Online Health in the Developing World

sri-lankaFollowing on from Monday’s post about health information on twitter, it seemed a nice coincidence that I came across a research paper focusing on healthcare information available in the developing world.

The web is still relatively young and yet many people can barely remember a time when they could not simply click a mouse and gain access to health and medical information. Apparently, hundreds of millions of people regularly access the internet for the sole purpose of finding healthcare information, news about the latest medicines, and advice on every ailment and illness you can imagine and some you can’t.

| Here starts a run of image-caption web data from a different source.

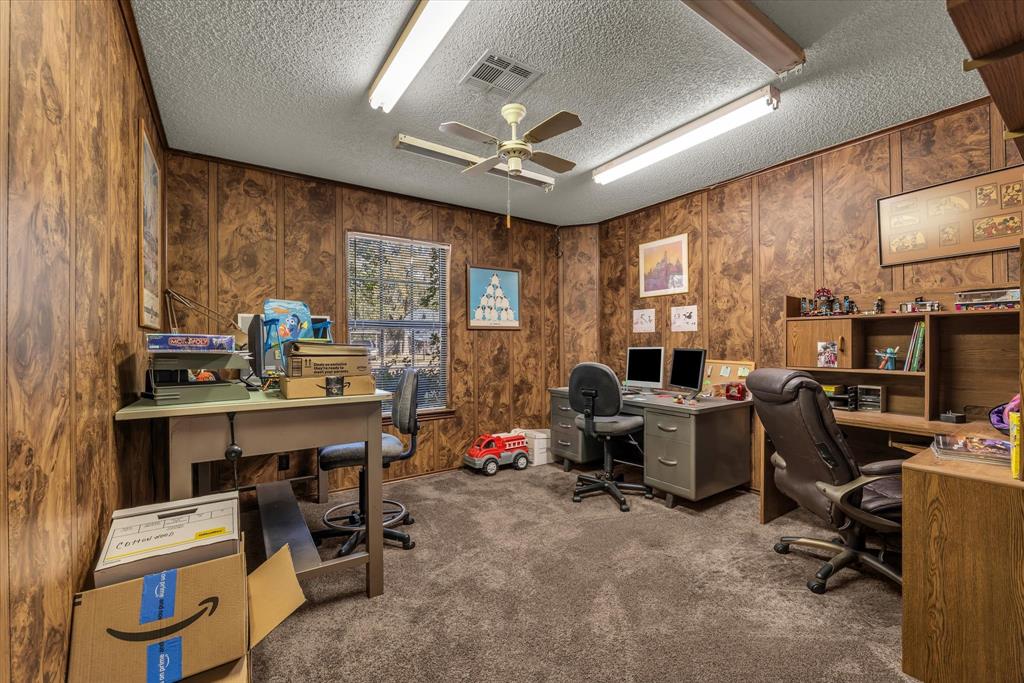 Textured wood paneling, carpeted flooring, ceiling fan, natural light window, built-in shelving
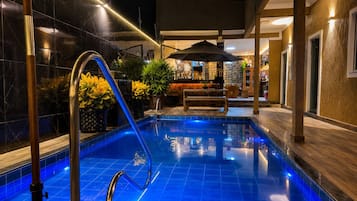 A swimming pool with a metal ladder, surrounded by a tiled deck and indoor seating area with a bench and umbrella.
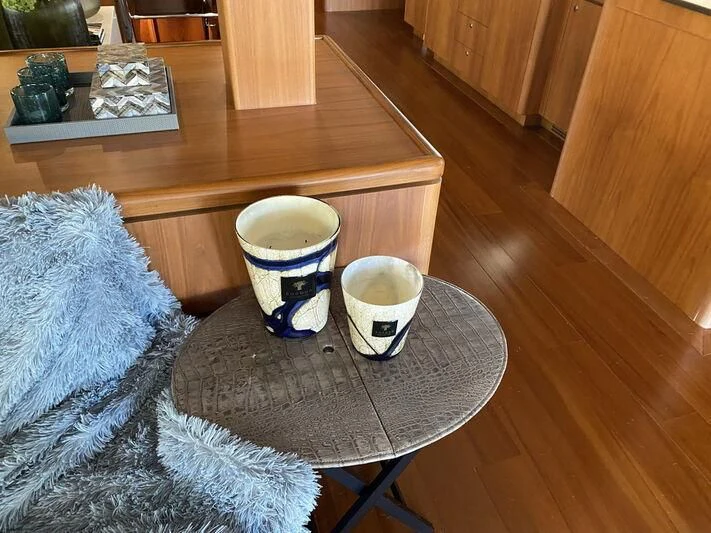 a coffee cup on a rug aboard MOCEAN Yacht for Sale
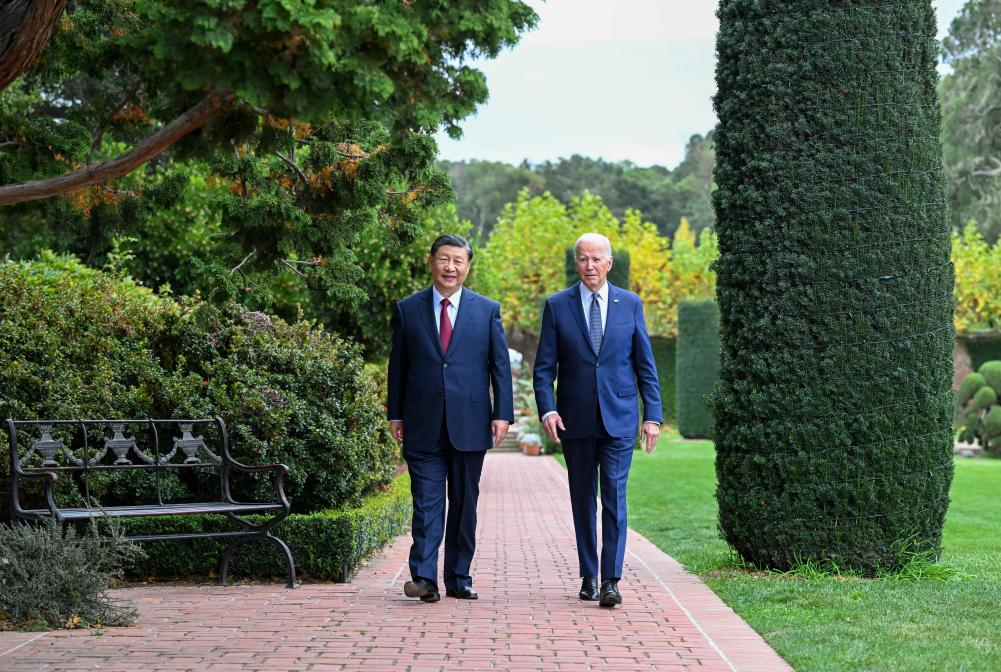 Chinese President Xi Jinping and U.S. President Joe Biden take a walk after their talks in the Filoli Estate, California, United States, November 15, 2023./Xinhua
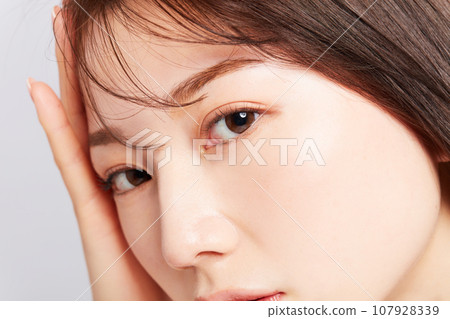 Beauty young Japanese woman eyes close-up Beauty young Japanese woman eyes close-up 107928339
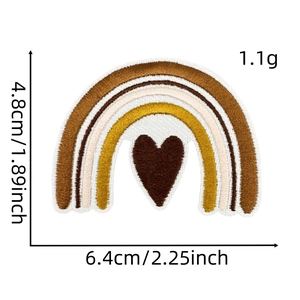 Macro detail of rainbow heart embroidery patch with size measurements in inches and cm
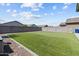 The manicured backyard features artificial turf, gravel accents, and a sturdy privacy wall at 17461 W Molly Ln, Surprise, AZ 85387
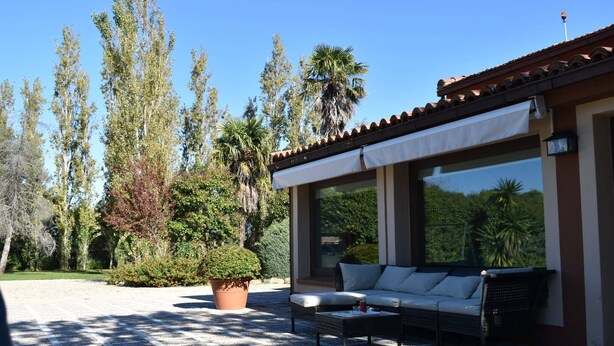 A covered outdoor seating area with a sofa and coffee table, surrounded by potted plants and trees.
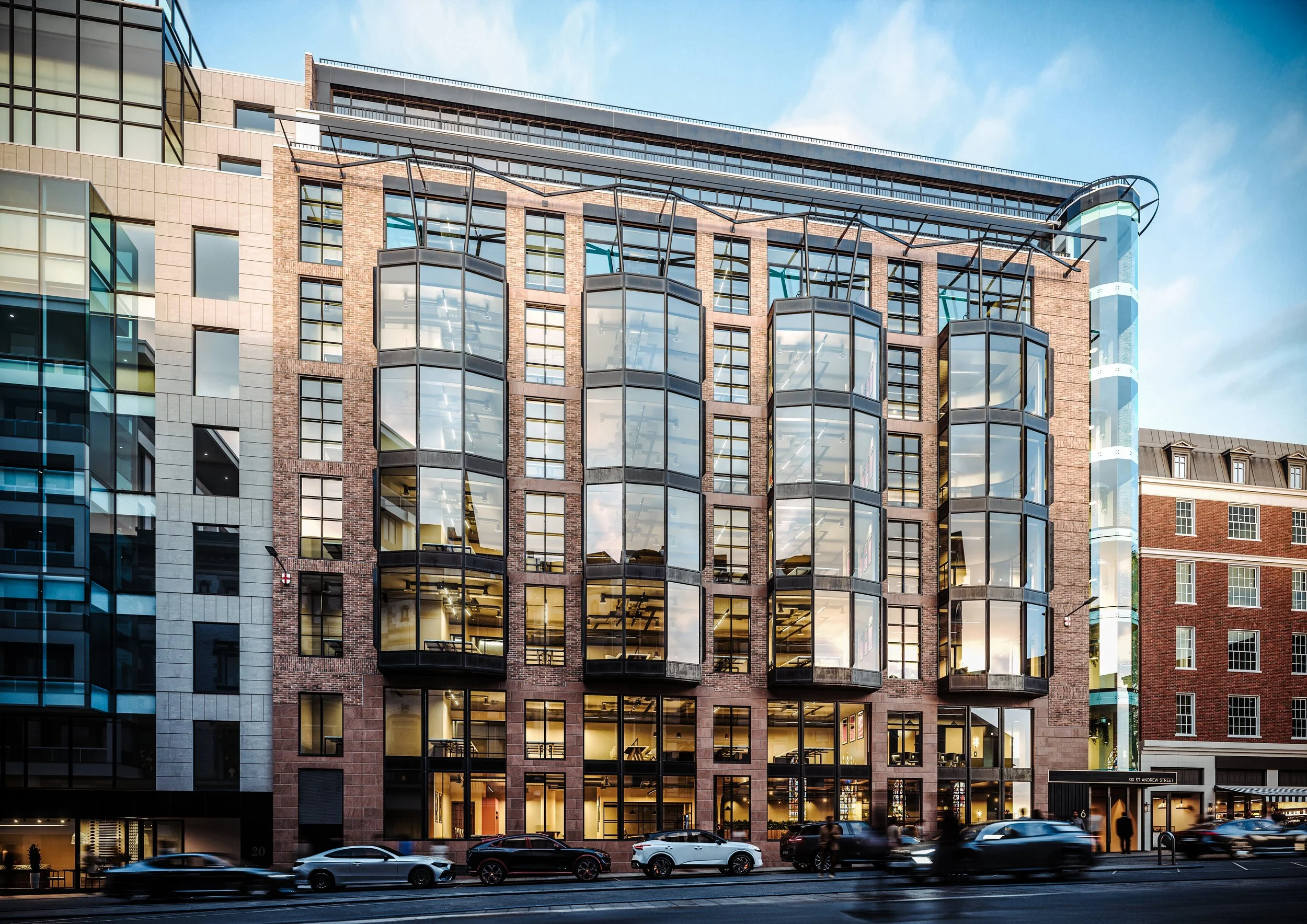Modern multi-story office building with large glass windows, brick accents, and a rooftop terrace, with cars parked along the street in front, under a blue sky with some clouds.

According to Mahinda Kommalage and Anoj Thabrew, of the Faculty of Medicine at the University of Ruhuna in Sri Lanka, most research into such internet use has focused on health information in developed countries. There have been thousands of scientific papers published on this topic by Western researchers, but a mere handful of results on PubMed cite locations such as Sri Lanka, Nepal, and Bangladesh in keyword searches together with the word “internet”. Moreover, of the six results for “Sri Lanka and Internet”, just one study from 1999 is actually about a health website.

Kommalage and Thabrew suggest that given the enormous growth of Internet usage across the globe almost irrespective of geography, it is quite surprising that so little research into medical and health information sites in developing countries has been carried out. This is particularly worrying given the almost total lack of controls and regulations on medical information on the web.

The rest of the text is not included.